Cuando en 1939 se desencadenó la Segunda Guerra Mundial en Europa, el gobierno estadounidense debió tomar medidas como las que había adoptado veinte y pocos años antes para desarrollar una producción bélica multiplicada en apoyo a su aliado británico y se planteaba ya la perspectiva de prepararse para decuplicar sus fuerzas armadas en un lapso relativamente breve.
La concepción de la clase dirigente estadounidense no contemplaba a los afrodescendientes y a las mujeres como mano de obra calificada para la industria bélica. Los primeros debían ocuparse de la producción agrícola, como efectivamente lo hacían en los estados sureños, y las segundas mantenerse en el hogar. Sin embargo, había elementos objetivos y subjetivos que hicieron entrar en crisis esas pretensiones.
Por un lado la migración interna de afro-estadounidenses desde el Deep South hacia los polos industriales del este y del norte se había mantenido y acelerado desde el fin de la Primera Guerra Mundial. Y, las mujeres habían ido aumentando sostenidamente su presencia en la fuerza de trabajo.
Subjetivamente, tanto los afrodescendientes como las mujeres, no estaban dispuestos a ocupar un papel secundario o servil. Trabajadoras y trabajadores aspiraban a los puestos calificados y mejor remunerados. Esto provocó enfrentamientos muchas veces violentos.
En Detroit hubo una oposición abierta de los trabajadores automovilísticos a la incorporación de operarios afrodescendientes. En abril de 1943, 26.000 operarios blancos de la Packard hicieron huelga protestando por la promoción de 3 obreros de color. “Preferimos que gane la guerra Hitler o Hirohito antes que trabajar con negros”, decían los líderes.
En mayo de 1943 estalló la violencia en el astillero Atlanta, en Alabama, por el ingreso de trabajadores afrodescendientes, y aunque la policía pudo dominar el choque, hubo decenas de heridos y el gobernador del Estado debió movilizar a siete compañías de la Guardia Nacional.
Después de bastantes titubeos el gobierno intervino para permitir el acceso de operarios afrodescendientes que, por otra parte, eran necesarios para redoblar la producción de jeeps, camiones y tanques que requería la guerra en Europa. El presidente Franklin Roosevelt, que siempre fue un gran equilibrista político, no quería malquistarse abiertamente con los racistas. En cambio su esposa, Eleanor Roosevelt, y algunos de sus ministros actuaron para contemplar los reclamos de la comunidad negra.

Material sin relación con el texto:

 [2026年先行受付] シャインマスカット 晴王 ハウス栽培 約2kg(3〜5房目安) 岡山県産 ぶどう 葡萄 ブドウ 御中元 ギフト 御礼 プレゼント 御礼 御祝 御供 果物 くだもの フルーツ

Los dirigentes de esta comunidad vieron, en la participación de los suyos como tropas de combate, una oportunidad para remover obstáculos en su legendaria lucha para conquistar plenos derechos civiles. La enorme mayoría de los afro-estadounidenses que se alistaron reivindicaban su patriotismo y estaban dispuestos a combatir a los alemanes con las armas en la mano. Algunos de estos reclutas, muy pocos, eran veteranos de la Primera Guerra pero la mayoría eran jóvenes y educados, provenientes del norte.
LA GUERRA ANTES DE LA GUERRA
Los altos mandos del Pentágono se avinieron a formar unidades de infantería, de ingenieros de combate y, cosa rara, de una unidad blindada. Sin embargo no desistieron de sus principios racistas de modo que el personal de maestranza estaba formado mayoritariamente por afrodescendientes y miembros de otras minorías. En el teatro europeo, al terminar la guerra, el 69% de los choferes eran afrodescendientes.

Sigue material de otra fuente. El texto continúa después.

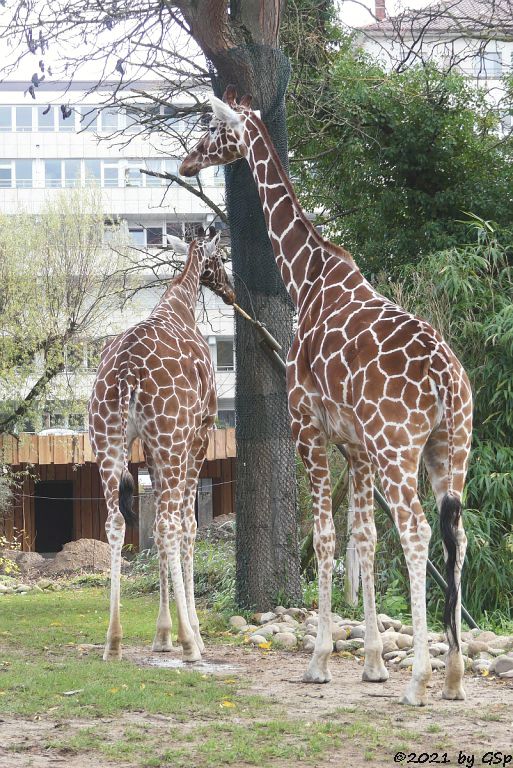 Netzgiraffe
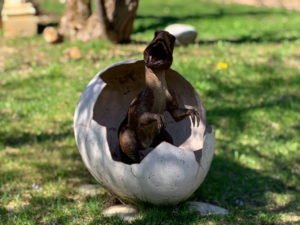 Dinosaur Eggs for Easter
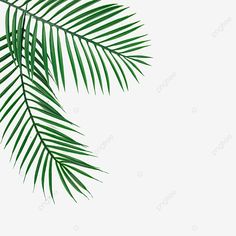 green palm leaves against a white background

Como querían mantener la segregación a cualquier costo, la conformación y el entrenamiento de las unidades formadas por afro-estadounidenses se radicó en los estados del sur (Texas, Luisiana, Georgia, Alabama, Carolina del Norte y del Sur, etcétera). De este modo, se aseguraban que los acuartelamientos estuvieran en zonas poco pobladas, donde las localidades cercanas seguían practicando una rigurosa segregación y donde la mayoría de los blancos odiaban y temían a los afrodescendientes.
Lo que resultó fue que, si bien consiguieron mantener la segregación y que los soldados de color tuvieran el menor contacto posible con la población civil, también fomentaron una cantidad de conflictos, peleas, asonadas, linchamientos y tiroteos que dejaron muchos muertos y heridos y exacerbaron al extremo las divisiones y la desmoralización entre las tropas que estaban preparando para la guerra.

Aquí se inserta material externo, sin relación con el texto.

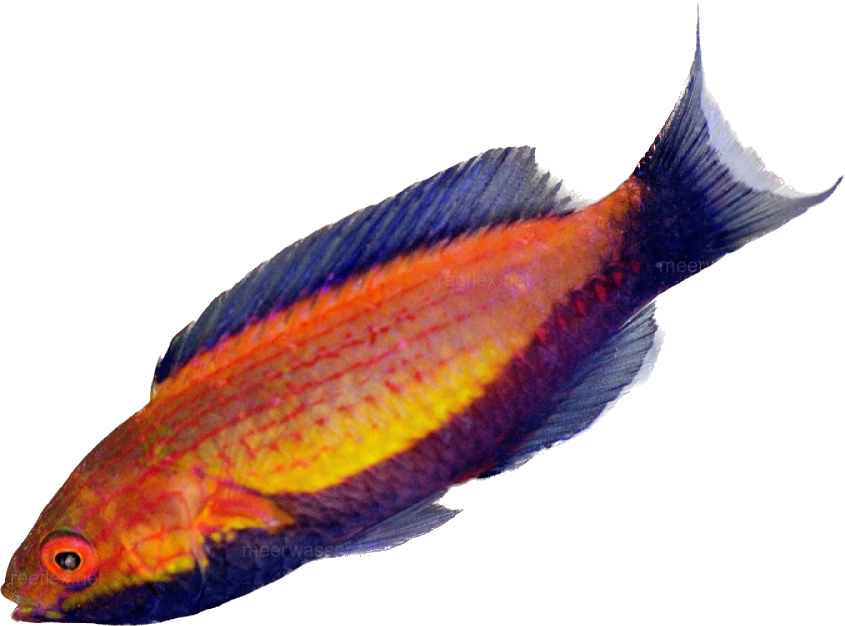 Crescent Tail Fairy Wrasse M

Para sorpresa de los reclutas de color que venían del norte, trasladados en ferrocarril hasta sus campos de entrenamiento, se les obligaba a llevar las cortinillas de las ventanillas bajas y cerradas y a no apearse en las paradas del trayecto. Pese a esto, los campesinos pobres (los hillbilly), fuertemente inficionados de racismo, solían apostarse a los lados de la vía en zonas agrestes para disparar con sus escopetas contra “los vagones de los negros”.
Johnnie Stevens, un veterano del Batallón de Tanques 761º, recordaba décadas después lo que había sido aquel acuartelamiento: “Ser un soldado de color en el sur, en aquellos días, era una de las peores cosas que te podían pasar. Si ibas al pueblo tenías que bajar a la calle si un blanco venía por la acera. Si pasabas de uniforme por un vecindario de blancos te daban una golpiza. Si tropezabas en la calle te acusaban de estar borracho y te pegaban. Si estando fuera del cuartel sentías hambre y no encontrabas un restaurante para afrodescendientes o algún hogar de una familia negra que conocieses, ¿sabes qué? Te morirías de hambre. Eras un soldado, que estabas allí con el uniforme de tu país y te trataban como a un perro y esto sucedía en todo el sur”.
Muchos miembros de la organización terrorista del Ku Klux Klan se habían enrolado en la policía local y de este modo apaleaban a los soldados y llevaban a cabo todo tipo de provocaciones. Además los miembros de la Policía Militar eran blancos y acompañaban a los locales en sus fechorías.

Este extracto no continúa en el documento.